Un tenue ruido me hizo voltear al sitio donde vi por última vez al campesino. Entonces noté que había olvidado el machete, lo menos que podía hacer era regresárselo, así que fui a buscarlo. Llegué dónde los árboles y encontré una cabaña modesta. Toqué la puerta, me abrió un joven. Le pregunté por el anciano y me respondió:
—Usted debe haber mirado a Don Epifanio, pero no era él, sino su ánima bendita.
—¿Qué? ¿Me está usted diciendo que este machete es de un fantasma?
—No señor, ese machete es del Remigio.
—¿Y quién es Remigio?
—El peón que macheteó a Don Epifanio.
Solté con estupor el arma homicida. Le pregunté consternado: ¿Por qué lo hizo?
 —Pa´ quitarle el dinero que necesitaba pa´ curar a su hija que estaba malita.
La niña se llamaba María?
—Sí señor, y la pobrecita de todos modos murió porque con el mitote que se armó ya no dio tiempo de salvarla. Pero también pobre del Remigio; pagó caro su pecado cuando se enteró que el dinerito ese lo llevaba el viejo pa' dárselo pa´ pagar las medicinas de la enfermita. El infeliz se volvió loco, andaba todo enjuto y ni de la cárcel quería salir.
—¿Y usted cómo sabe esta historia? ¿Conoció a esas personas?
—¡Huy señor! Eso pasó hace mucho y todo el pueblo lo sabe de oídas, pero algunos hemos visto que en noches cómo ésta, con el río calmo y el zacate seco, el ánima de Don Epifanio se aparece porque anda buscando a Remigio pa' apaciguarle la pena.

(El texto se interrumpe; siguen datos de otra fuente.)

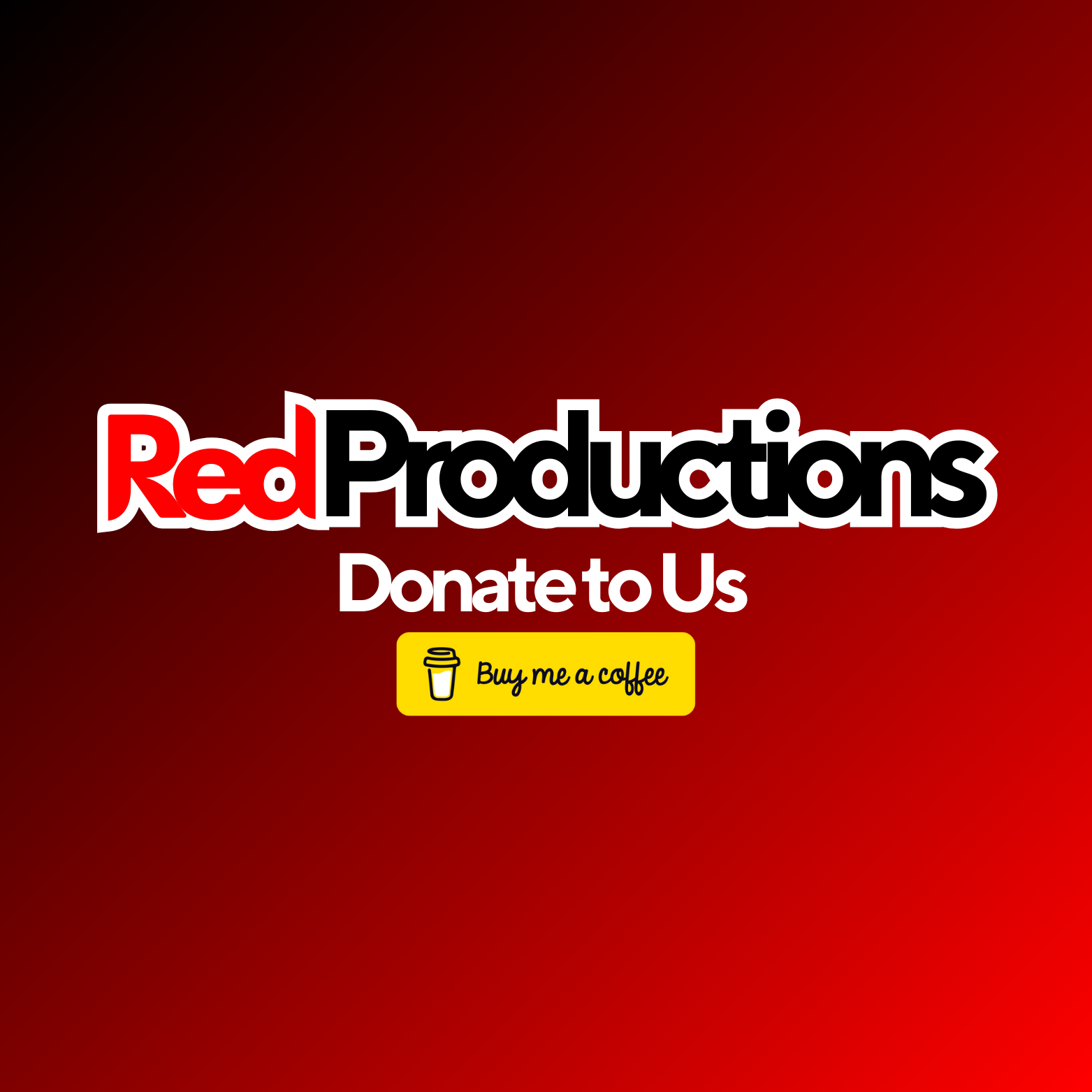 Red Productions (Donations).png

Ya pasaron diez años de esa madrugada en que se cruzó por mi camino Don Epifanio. A Isabel la sigo extrañando, la recuerdo en todo momento pero sin dolor. Me volví a casar, tengo una hija a quien llamamos María y es tan linda como la chiquita que me sonrió a la orilla del río calmo. Nunca pensé en hacerlo, pero hoy algo me impulsó a recrear con la pluma esta vívida historia de amor y esperanza. Casualmente hoy también es la presentación de mi cuarta novela.